Bartoszyska, who received her Ph. D. in Comparative Literature from the University of Chicago in 2011, spoke on the significance of Irish literature in a global and transnational context.

Irish Studies typically draws comparisons to its western European neighbors, Bartoszyska said, but a better understanding comes from comparing Ireland to countries with similar features.

“Irish Studies has long had an implicitly comparative dimension, often seeing its cultural output in relation to, and in turn set by, that of its nearest neighbor, Great Britain,” Bartoszyska said. “Recent years have seen an increase in different forms of comparison.

“In examining Irish writing alongside that of other cultures, be that of other colonies, other islands or other predominantly Catholic nations, new geographical coordinates, it is suggested, have the potential to highlight aspects of the tradition that have heretofore received less attention, giving us a new perspective on Irish literature.”

Bartoszyska said she based her lecture on a comparison between two novels, one Irish and one Polish.
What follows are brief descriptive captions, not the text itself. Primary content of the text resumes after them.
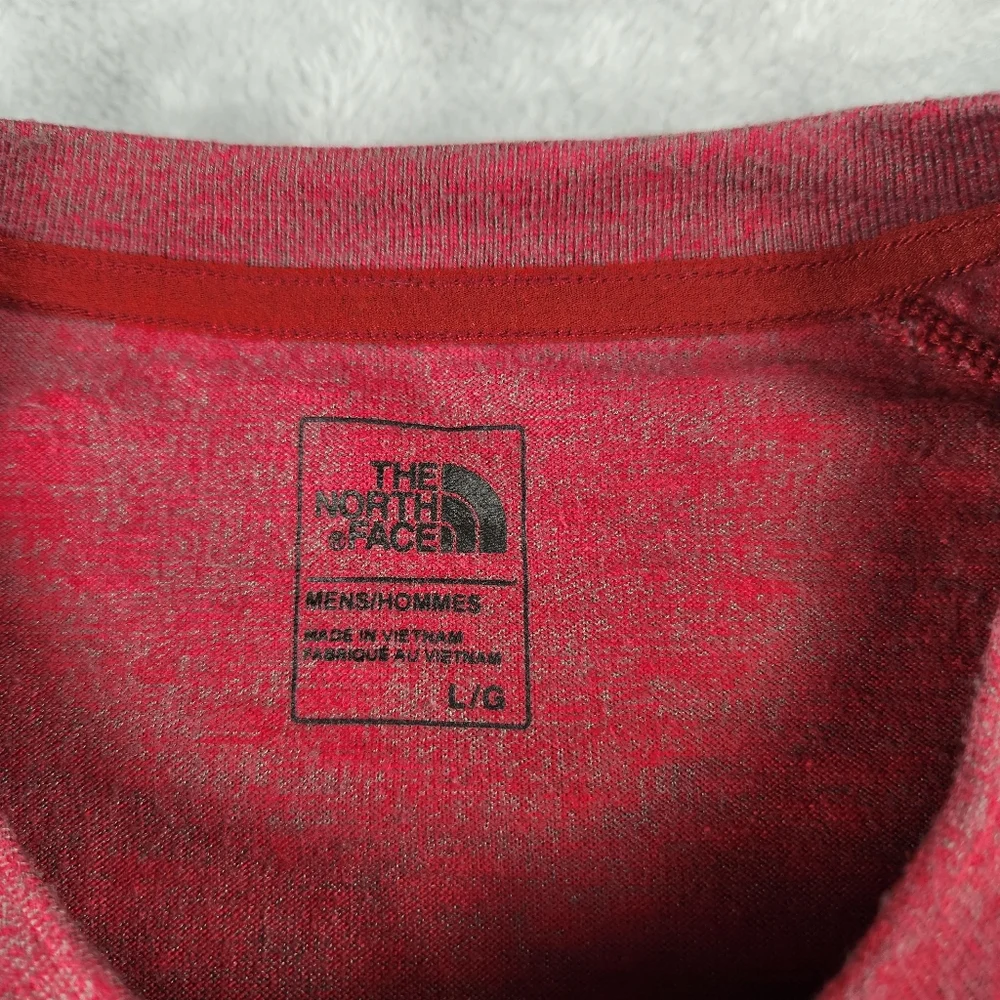 The North Face Shirt Men' Red Heather Long Sleeve Pullover Size L Large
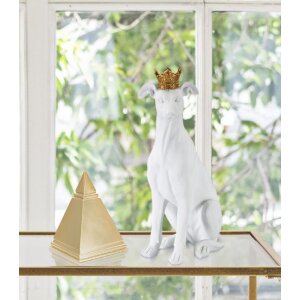 Mauro Ferretti escultura perro Dog White 20x12.5x33 cm oro blanco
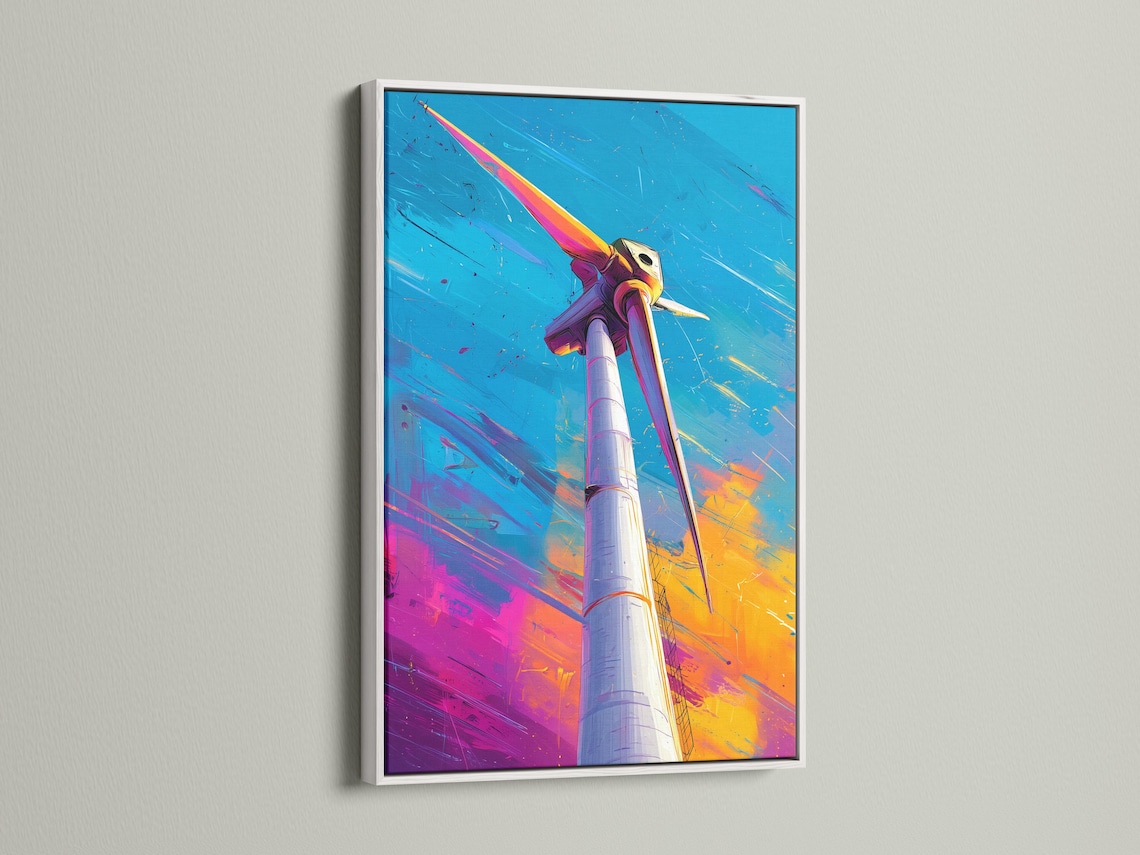 Wind turbine on a sky-blue background with diagonal motion streaks and orange magenta accents detail view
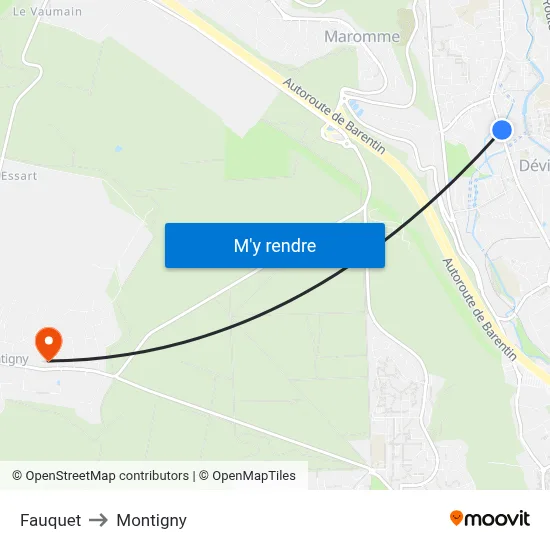 Fauquet to Montigny map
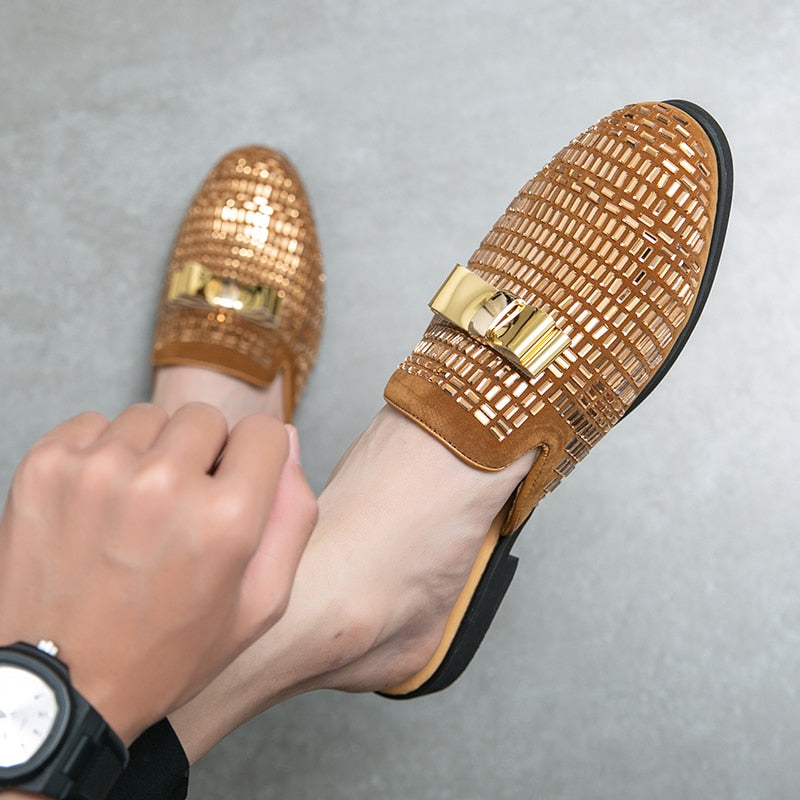 Bling Details Mocassins sans dossier pour hommes 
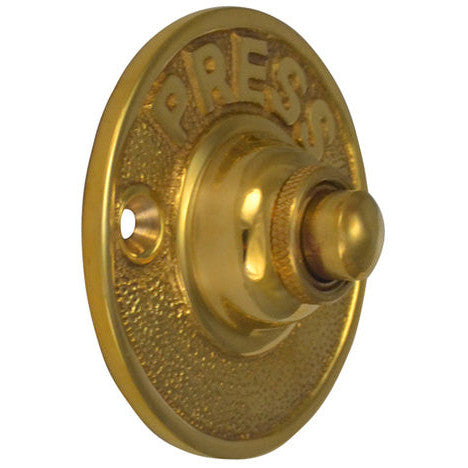 Classic American PRESS Doorbell Push Button (Polished Brass Finish) COPPER MOUNTAIN HARDWARE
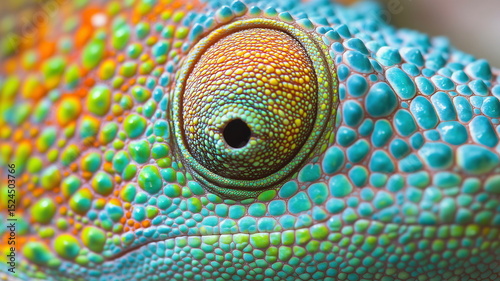 Close-up of a chameleon's iridescent skin with vivid eye detail and intricate scales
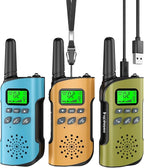 Walkie Talkies for Kids Rechargeable,Toys for Boys and Girls Ages 3-12, 3 Pack Long Range 2-Way Radios, Birthday Gifts,Christmas Stockings, Outdoor Play, Family Games, Hiking Camping Gear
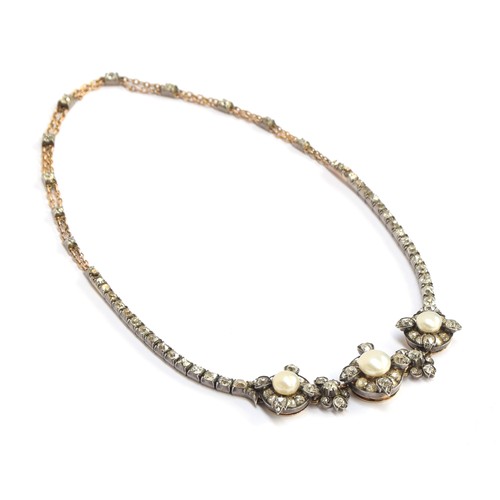 20 - A late Victorian gold and silver mounted diamond choker necklace/converting pair of bracelets, the r... 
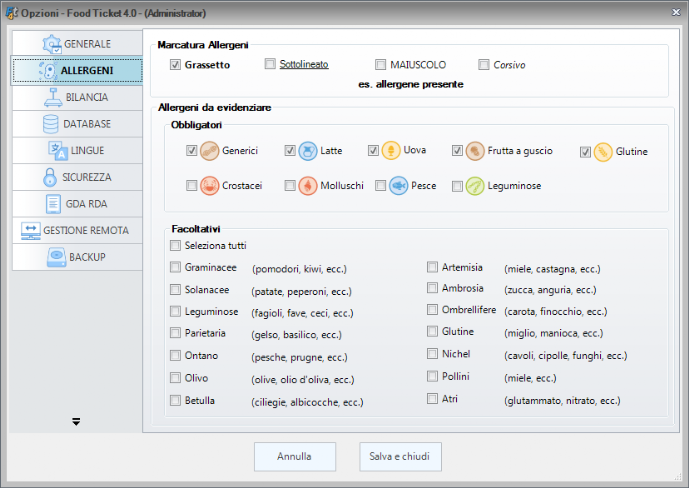 Opzioni allergeni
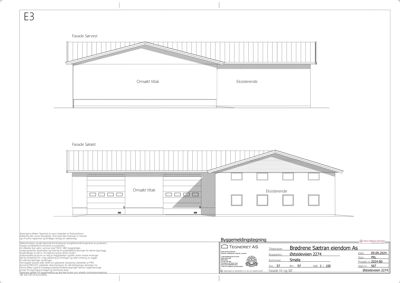Fasadetegning som viser etasjefordeling, vinduer og dører for en bygning sett fra sørvest.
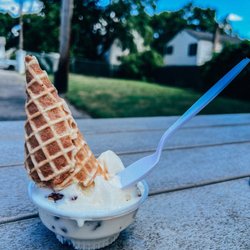 Flannel Cow Creamery - Pistachio Ice cream (Junior Size) with Waffle Cone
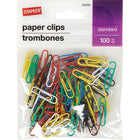 Staples - Trombones standard recouverts de vinyle, couleurs variées, paquet de 100-Le vinyle les fait glisser facilement sur le papier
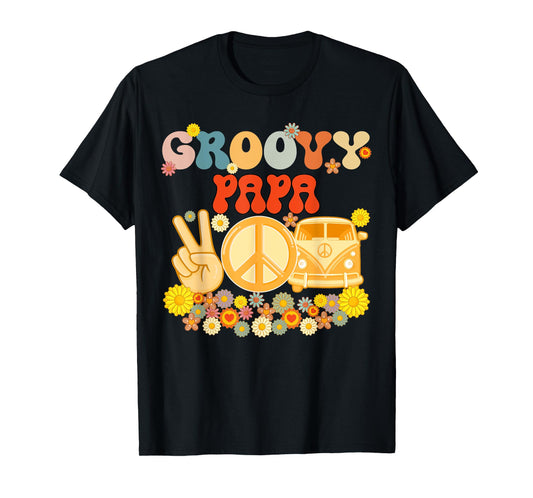 Groovy Papa Retro Matching Family Baby Shower Father's Day T-Shirt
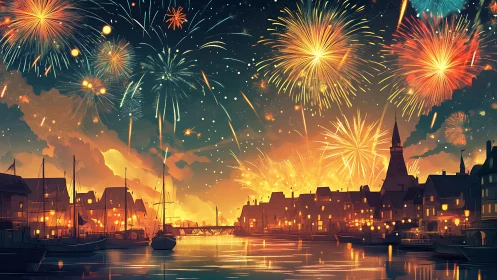 Harbor city skyline glows beneath cascading festival fireworks.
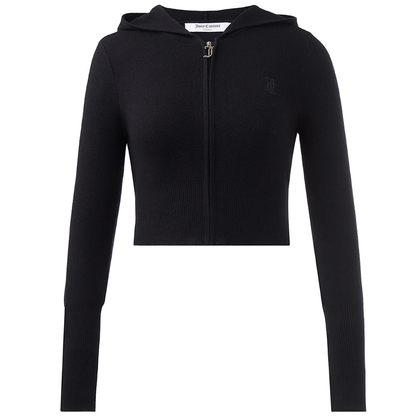 Juicy Couture - Big Bling Knit Hoodie: Liquorice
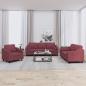Preview: ARDEBO.de - 3-tlg. Sofagarnitur mit Kissen Weinrot Stoff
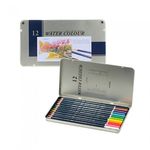 MUNHWA Nexpro Premium Water-Soluble Colored Pencil Set | 12 Essential Colors in Protective Tin Case | Professional Watercolor Effect | Made in Korea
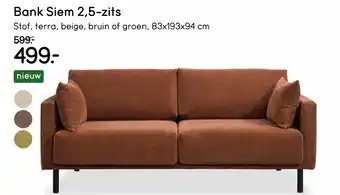 Leen Bakker Bank Siem 2,5 zits aanbieding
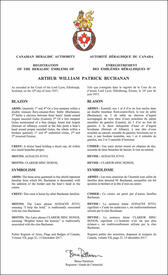 Lettres patentes enregistrant les emblèmes héraldiques d'Arthur William Patrick Buchanan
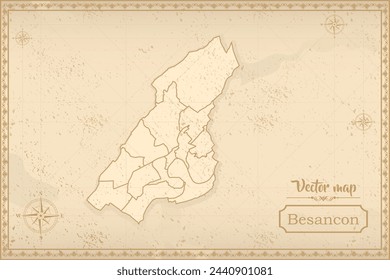 Map of Besançon in the old style, brown graphics in retro fantasy style. city in France.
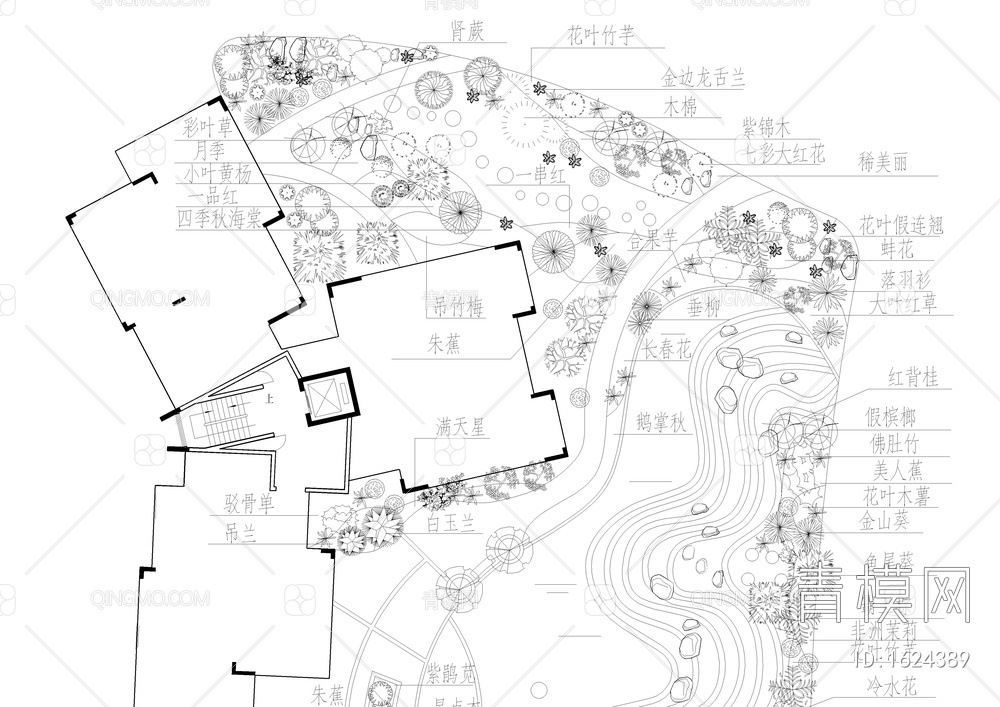 小区绿化平面图【ID:1624389】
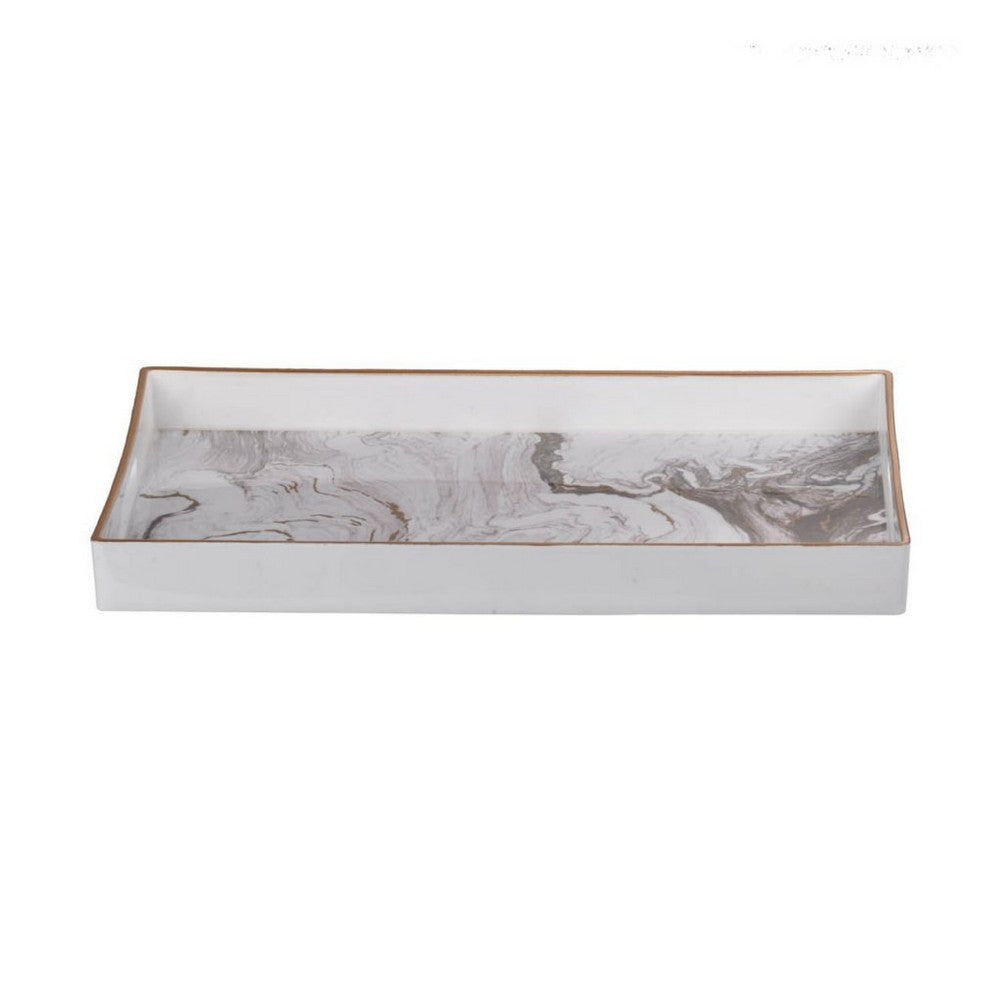 Fara Rectangular Tray Set of 2, Marble Design, Cutout Handle, White Plastic - BM350203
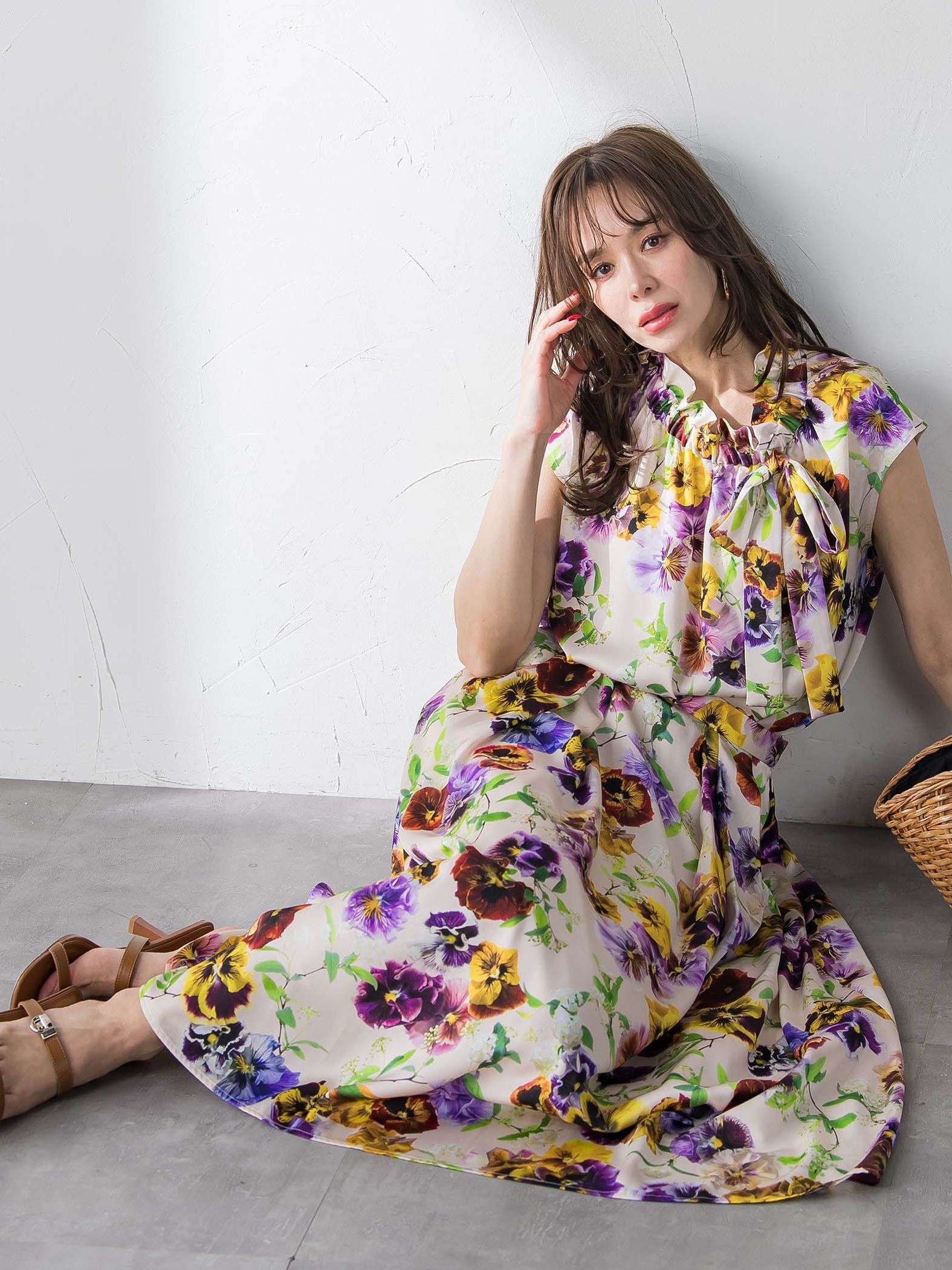 【KEITA KAWASAKI × Viaggio Bluコラボ】パンジープリントスカート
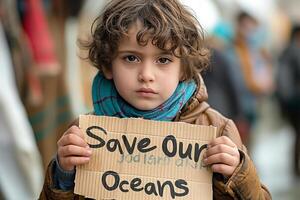 A young boy of Middle Eastern descent holds a handmade sign advocating for ocean conservation. photo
BartoszyƄska focused on “Melmoth the Wanderer,” written by Irish author Charles Maturin and “The Manuscript Found in Saragossa,” written by Polish author Jan Potocki.

“Focusing on these concrete examples gives us a pathway to the bigger questions by seeing how some of the theoretical paradigms play out in practice,” she said. “They were written around the same time, in the late 18th and early 19th century, and they’re oddly similar to each other in many ways, except that one has a Polish author and the other, an Anglo-Irish one. They are not exactly world-famous classics, but neither are they completely unknown.”

The novels share a similar style of seemingly unrelated characters telling interconnected stories, Bartoszyska said.

“What ‘Melmoth the Wanderer’ and ‘Manuscript Found in Saragossa’ share is a highly interconnected character structure, where people who have seemingly nothing to do with each other are shown as related in various ways,” she said.

Bartoszyska said it is common for scholars to attribute similarities like these to the similar cultural and socio-political factors present in both Ireland and Poland.

“After all, weren’t both Poland and Ireland countries with extremely powerful neighbors, places that had to struggle to keep their cultures alive in the face of constant threat or even a total loss of sovereignty,” she said. “Didn’t both have a lasting, deep connection to the Catholic Church?”

The connection runs much deeper than superficial characterization, Bartoszyska said.

“As a starting point, we can say that when we compare Polish and Irish literature, we learn that neither is the anomaly it often imagines itself to be,” she said. “In both Polish and Irish Studies, references abound to the uniqueness of each as a dominated region within Europe.”

Bartoszyska said comparative study of such literature helps develop an overall better understanding of world literature.

“Examining the way these two texts create fictional worlds and articulate the relationship between those worlds, and the world, we can begin to consider the question of how they fit in to a more global understanding of literature,” she said.

Studies like hers may ultimately lead to a better conception of literature overall, Bartoszyska said.

“So comparing Irish literature to other traditions, paradoxically, may help us move beyond such narrow comparisons, and to contextualize Irish writing within a more transnational frame,” she said.